‘Ndrangheta: don Pino Strangio indagato per concorso esterno
di Alessia Candito
Non è un mafioso, ma per i magistrati ha “contribuito al rafforzamento dell’associazione”. Per questo don Pino Strangio, carismatico e controverso canonico di Polsi, il santuario conosciuto come feudo spirituale dei clan di tutto il mondo, è formalmente indagato per concorso esterno, come per violazione della Legge Anselmi, la norma che punisce la costituzione di associazioni segrete. La procura ha chiuso le indagini, atto che precede la richiesta di rinvio a giudizio.
Per i magistrati della Dda di Reggio Calabria c’è anche il religioso fra i componenti dell’associazione segreta di tipo massonico messa in piedi dall’avvocato Paolo Romeo, ex deputato del Psdi, e dal collega Giorgio De Stefano per influenzare “le dinamiche decisionali degli enti locali e alcune vicende economiche di massimo livello per la locale asfittica economia”.

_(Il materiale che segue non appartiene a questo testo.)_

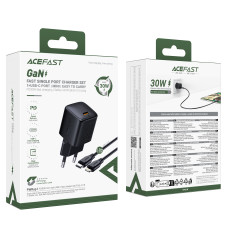 Мережевий зарядний пристрій AceFast A118 mini GaN PD30W Type-C to Lightning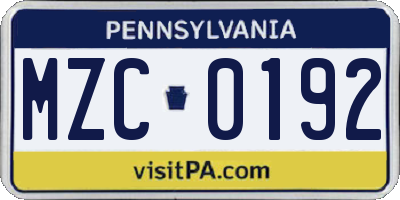 PA license plate MZC0192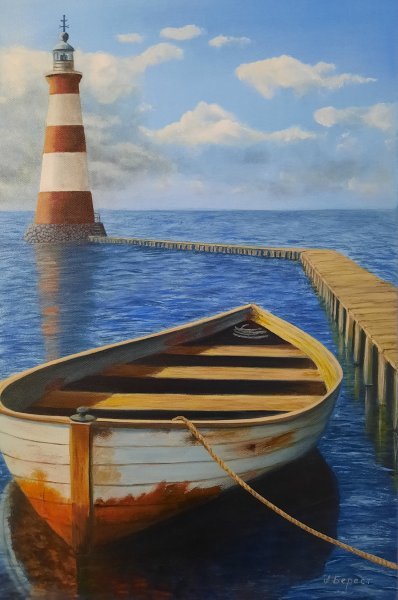 Lighthouse Painting by Olena Berest - Jose Art Gallery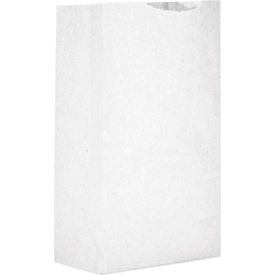 Paper Grocery Bags, #2, 4-5/16"W x 2-7/16"D x 7-7/8"H, White, 500/Pack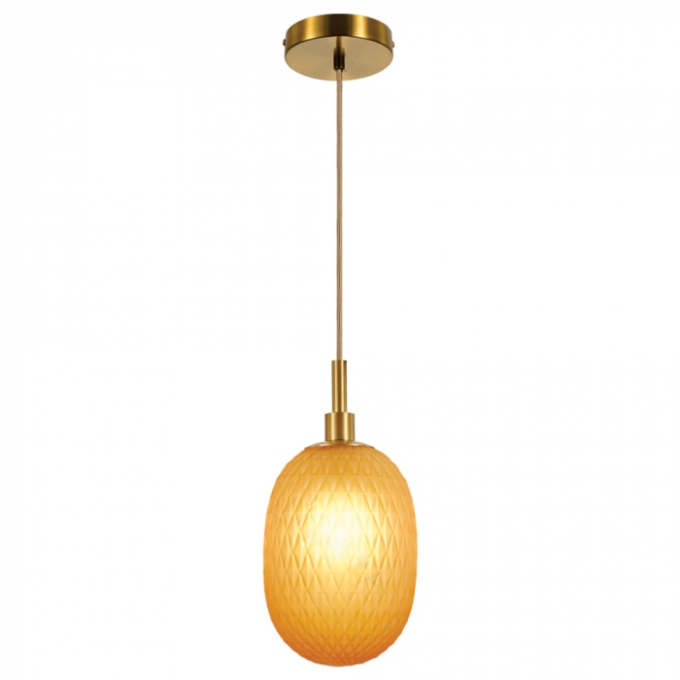 Pendente Sindora 1L E14 Metal Bronze e Vidro Âmbar 120x250mm DCD04089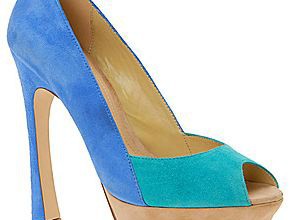 Aldo Bolus turquoise and blue colourblock peep toe shoes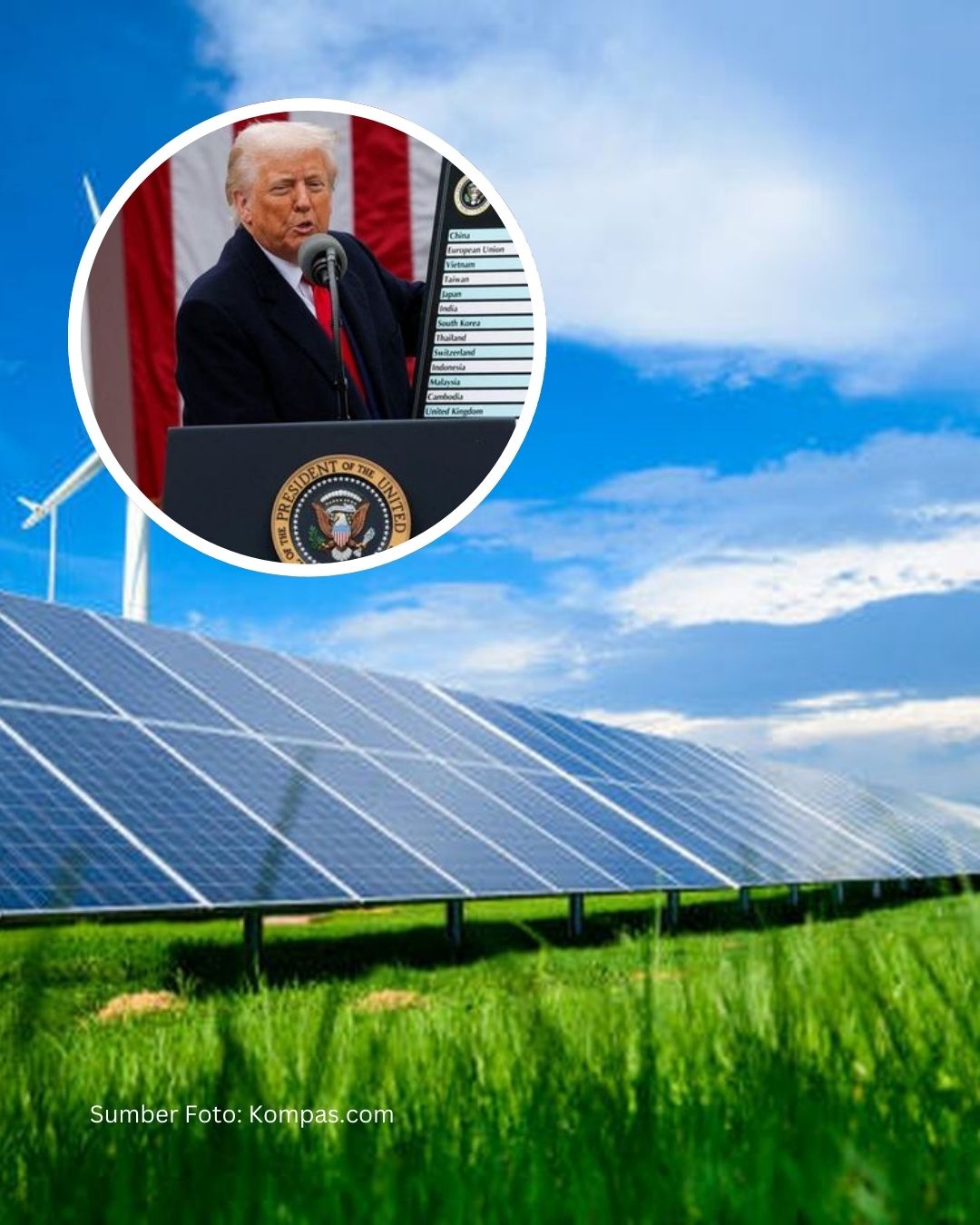 Trump Gebuk Indonesia: Tarif Impor Panel Surya RI Capai 104%, Eksportir Panik!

Entrambi da mesi in carcere come elementi di vertice della cupola della ‘ndrangheta, per i magistrati i due avrebbero nel tempo legato a sè avvocati, giudici, sacerdoti, faccendieri, professori, uomini della pubblica amministrazione, militari.
“Figure di assoluto rilievo – così li definiscono i pm – usate da Romeo e De Stefano per “concentrare su di sé e gestire i più svariati interessi dei numerosissimi soggetti che, a vario titolo, si rivolgono a loro individuandoli quali mediatori di rango delle vicende politiche, economiche, amministrative e giudiziarie della città e della provincia”.
Uno straordinario meccanismo di controllo di ogni aspetto della società reggina e calabrese in cui don Pino Strangio rivestiva un ruolo particolare. Ed eversivo. Secondo la Dda, in qualità di sacerdote e proprio grazie all’autorevolezza negli anni conquistata, “mediava nelle relazioni fra esponenti delle forze dell’ordine, della sicurezza pubblica ed esponenti di rango della ‘ndrangheta”. Benvoluto da vescovi e cardinali, giornalista pubblicista per anni, persino Consigliere della Federazione nazionale della stampa, nella Locride – afferma la Dda – don Pino era soprattutto un “garante”. Era lui a sovrintendere sull’equo scambio fra i due fronti, che barattavano informazioni con favori, soffiate con protezioni.
Un’operazione di “falsa politica” in grande stile necessaria sia per simulare una dura politica di contrasto ai clan, lasciandoli in realtà liberi di continuare a prosperare, sia per governare con apposite soffiate – e conseguenti arresti – le dinamiche interne dell’organizzazione. Una beffa per l’opinione pubblica e le istituzioni, che in don Pino Strangio aveva un elemento insostituibile, e non ha fatto altro che “rafforzare la capacità dell’organizzazione criminale di controllare il territorio, l’economia e la politica, amplificando la percezione sociale della sua capacità di intimidazione, generatrice di assoggettamento ed omertà diffusi“.